Ok, I'm fairly new at this, and really appreciate this site. What are the ratios of Peroxide and HCl for the acid bath? I know you probibly have this posted somewhere, but I haven't been able to find it. 

Thanks

Gary


----------



## lazersteve (Apr 22, 2007)

Here's the chart which shows the ratios for dissolving gold:







To attack the base metals and leave the gold foil/flake I use 2 parts muratic to 1 part peroxide 3% (1/2 gallon muratic to 1 quart peroxide).

Steve


----------



## Paige (Apr 25, 2007)

How about an index as to what those chemical abbreviations mean?

Thanks.

Paige


----------



## lazersteve (Apr 25, 2007)

Here's the quick down and dirty:

HCl 32wt.% = Muratic acid
MnO2= Manganese Dioxide
(s) = solid
atm = standard atmospheric pressure (15 psi)
NaCN = Sodium Cyanide (



)
M = Molar (Moles per liter)
Ca(OH)2 = Calcium Hydroxide (lime, quicklime)
NaOH = Sodium Hydroxide (lye, caustic soda)
Cl2 (satd.) = Saturated chlorine solution (see my Auric Chloride tutorial to make this)
HNO3 = Nitric Acid
g =gram
cm2 = square centimeter
h =hour

Did I miss anything?


----------



## AuMINIMayhem (Apr 26, 2007)

Steve, I tried the HCL mix tonight on some stuff. I noticed a slight exothermic reaction after adding material to it. Just thought it might be worth making note of as I was using the weaker solution and a stronger concentrated solution, I would imagine, have a much stronger reaction. Just a thought.. thanks for pointing me in this direction from the other post I made. 8) 
Derek


----------



## lazersteve (Apr 26, 2007)

Derek,

I've added some more detail for some other members.. it looks like I should do a tutorial on this one some day. I'm way past due on completing my karat gold cell.

Oh well, here's the link:

http://goldrefiningforum.com/phpBB3/viewtopic.php?p=2782&highlight=#2782

There's nothing like chasing around this forum for you guys! :lol: 

Steve


----------



## AuMINIMayhem (Apr 26, 2007)

lazersteve said:


> There's nothing like chasing around this forum for you guys! :lol: Steve



*pissing myself laughing* :lol: :lol: 

YOU?!.. hell, _*I'm*_ the newbie here.. :lol:


----------



## walter (Oct 20, 2007)

I have read in or two pyro forums that you can increase the strength of your h202 by boiling as it evaporates slower than the water.
just my 2 cents


----------



## Anonymous (Dec 22, 2007)

You can easily obtain 30% H2O2. Just go to a pool supply store. It is sold in gallons as pool clarifier.


----------



## aflacglobal (Dec 22, 2007)

Welcome to the forum Guns.


----------



## tlcarrig (May 10, 2008)

Baquacil oxidizer = 27% H2O2. Pool supply stores. Found easily and cheaper on the internet. Can be shipped by UPS or FedEx.

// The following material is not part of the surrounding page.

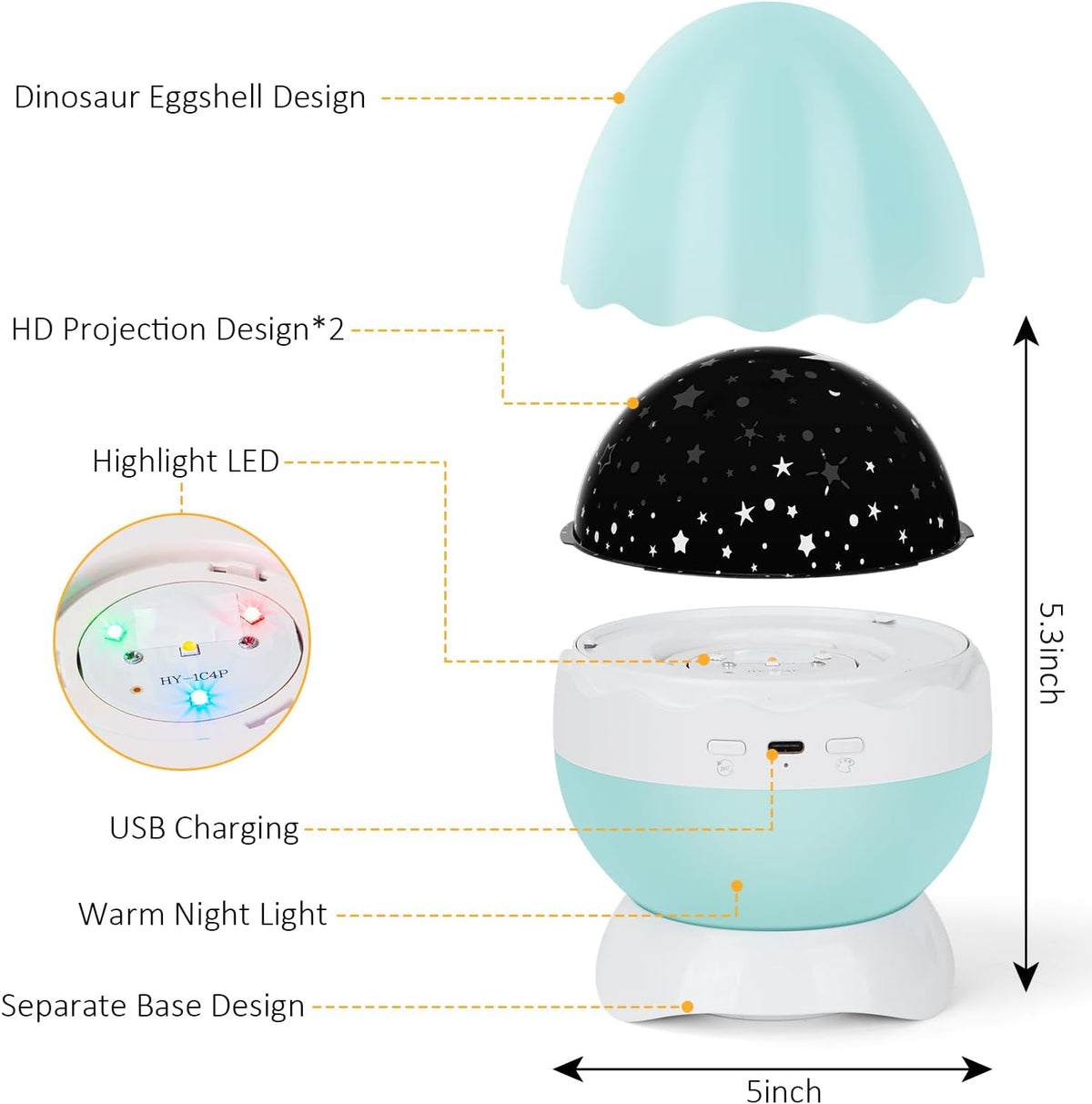 Artidoo dinosaur egg night light with remote control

Steve, in your video on processing fingers in AP, you use 2 quarts of muratic and one quart of H2O2. Is it necessary to use this much solution for 60 grams of fingers? How much solution would you suggest for 60 grams of pins? Also, I have some very small pins that are really hard to get out of the plastic. What would I run into if I just go ahead and put the plastic in the AP solution? I know I would do this separately from my clean pins.


----------



## lazersteve (May 10, 2008)

I would do a single header with the pins intact just to test the AP reaction with the plastic. I've had good results running AP with the black plastic headers with the partially plated pins intact.

For small batches of AP follow this simple outline. 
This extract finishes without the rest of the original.